Transcribe, starting at the line with "622 Del Guzzi" and ending at the line with "dark clouds during daytime thumbnail", every line of the material below exactly, but leave out the pictures and anything outside that span.

### PROVIDED MATERIAL

^^^^

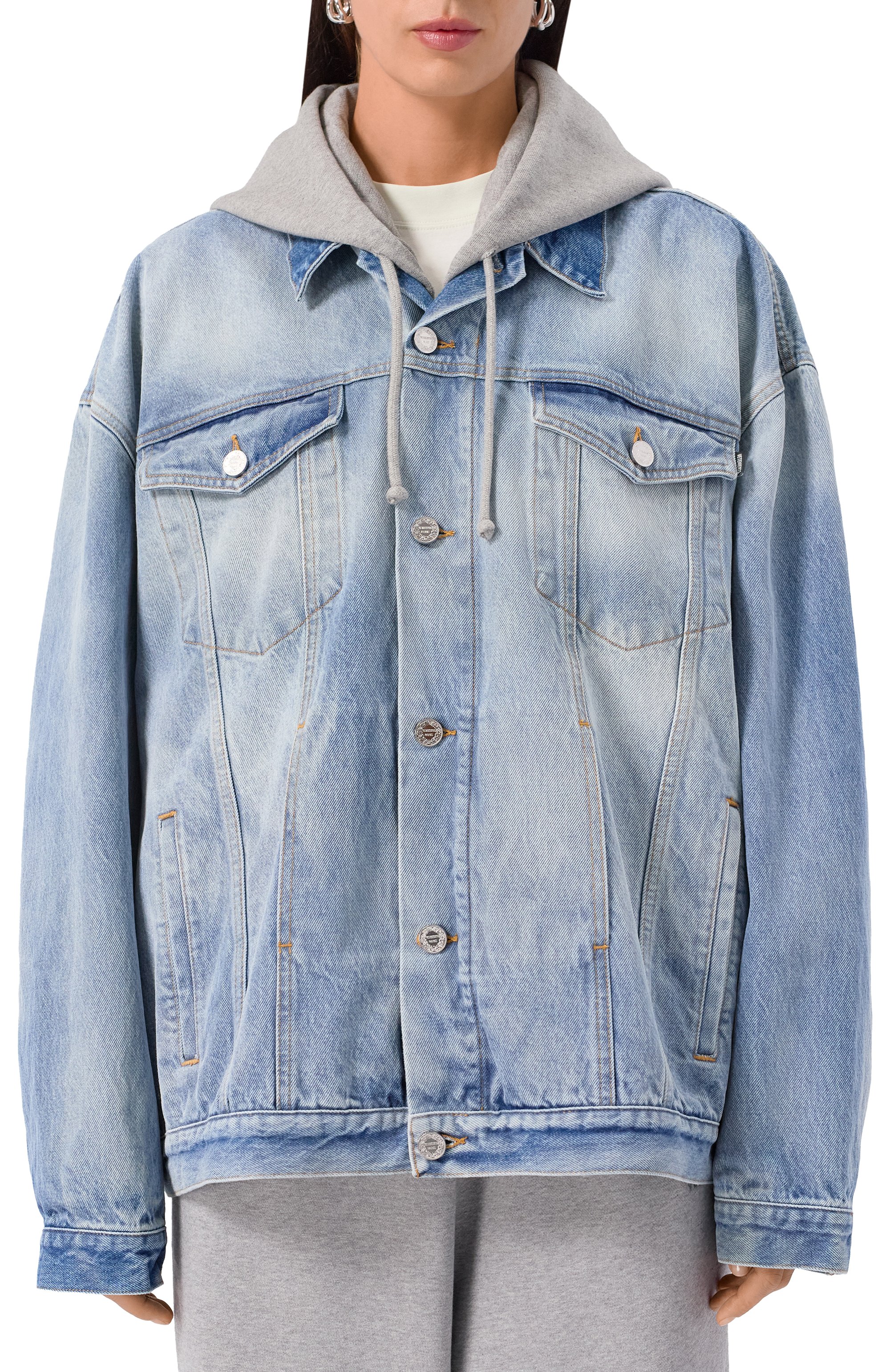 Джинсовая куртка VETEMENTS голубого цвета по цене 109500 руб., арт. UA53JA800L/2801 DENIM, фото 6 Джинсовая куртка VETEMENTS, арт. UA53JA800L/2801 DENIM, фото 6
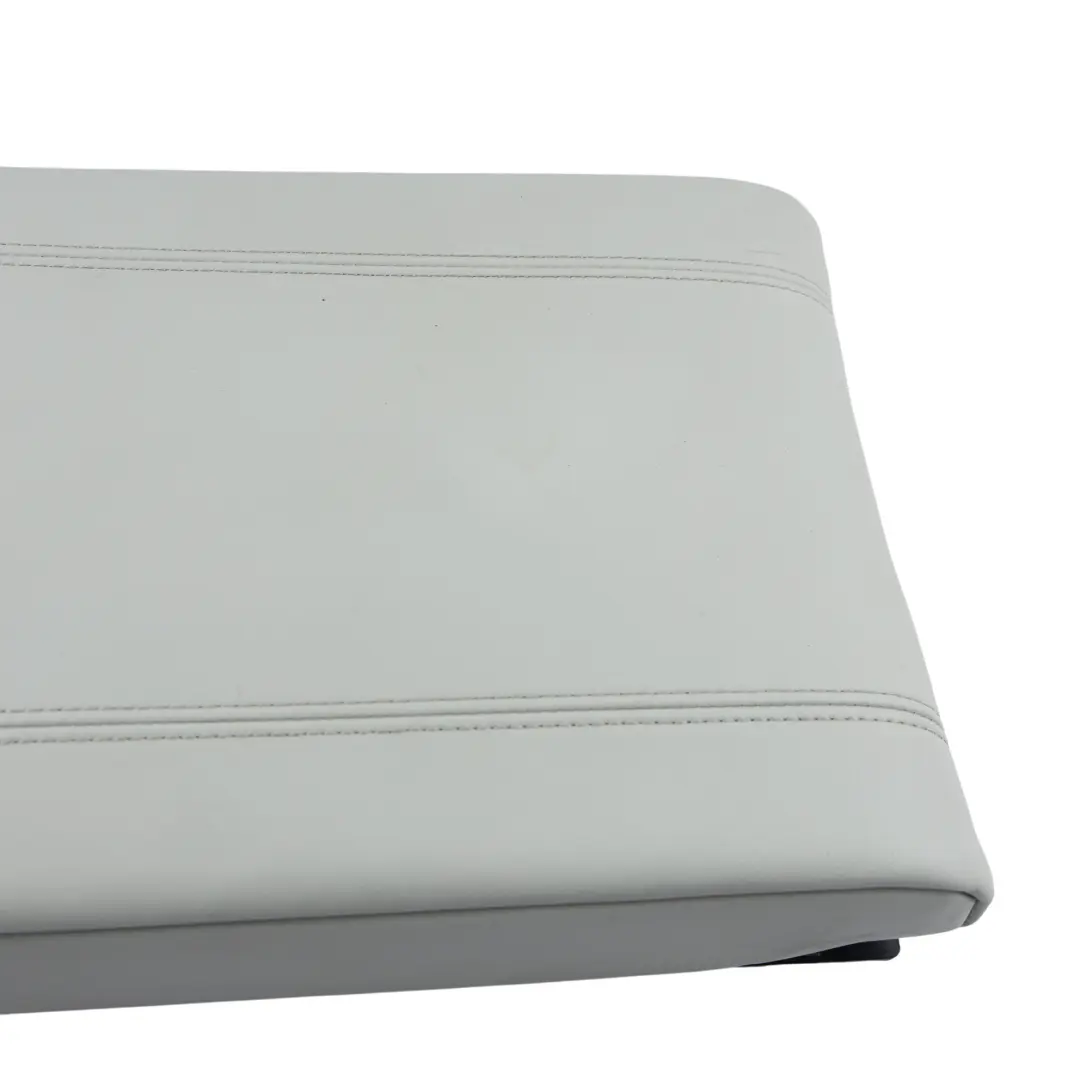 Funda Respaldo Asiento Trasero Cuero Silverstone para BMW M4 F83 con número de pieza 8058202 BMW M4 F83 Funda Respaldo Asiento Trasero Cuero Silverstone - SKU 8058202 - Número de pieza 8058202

^^^^

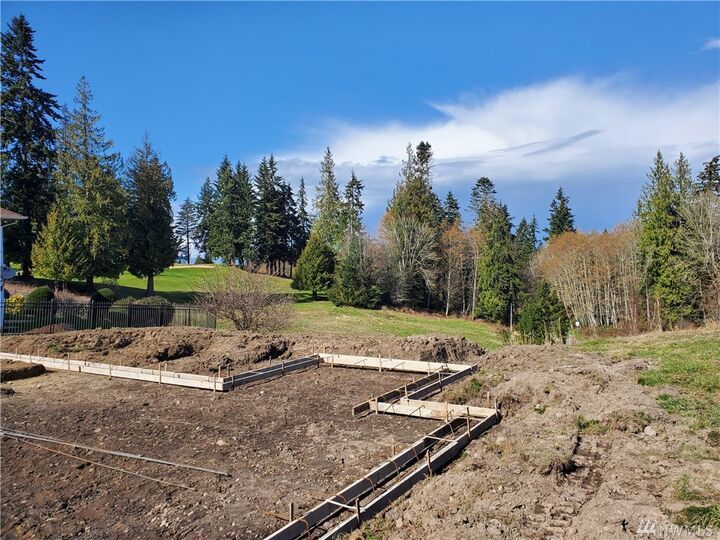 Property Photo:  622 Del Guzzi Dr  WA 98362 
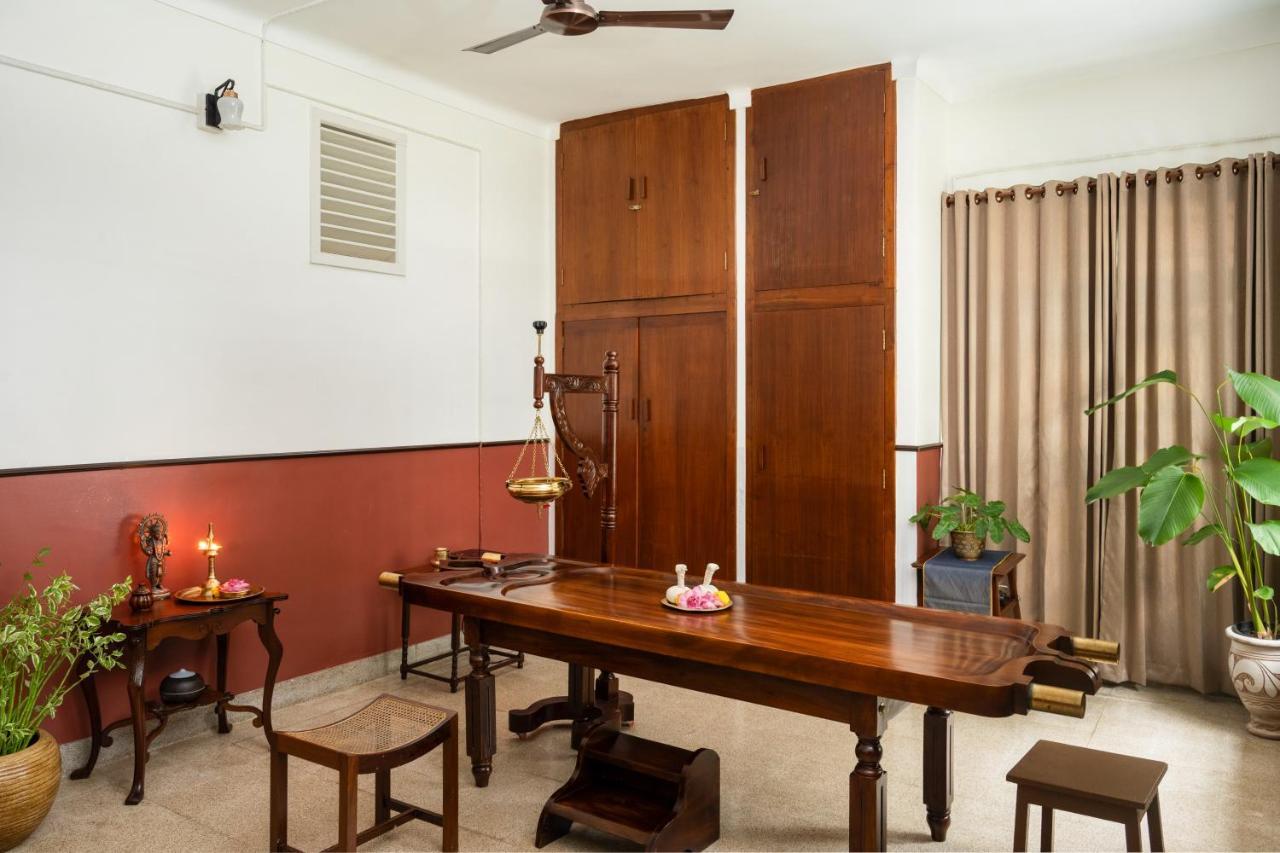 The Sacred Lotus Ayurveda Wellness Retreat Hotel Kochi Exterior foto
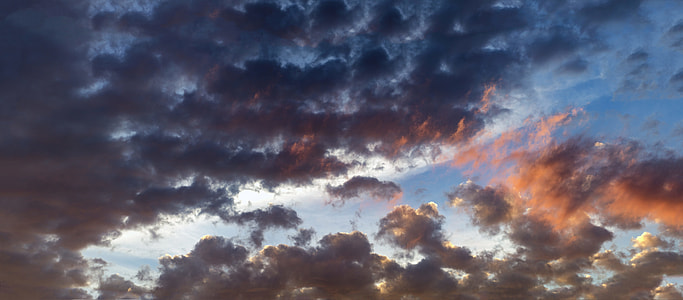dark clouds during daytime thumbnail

^^^^

### SOLUTION
 Property Photo:  622 Del Guzzi Dr  WA 98362 
 The Sacred Lotus Ayurveda Wellness Retreat Hotel Kochi Exterior foto
dark clouds during daytime thumbnail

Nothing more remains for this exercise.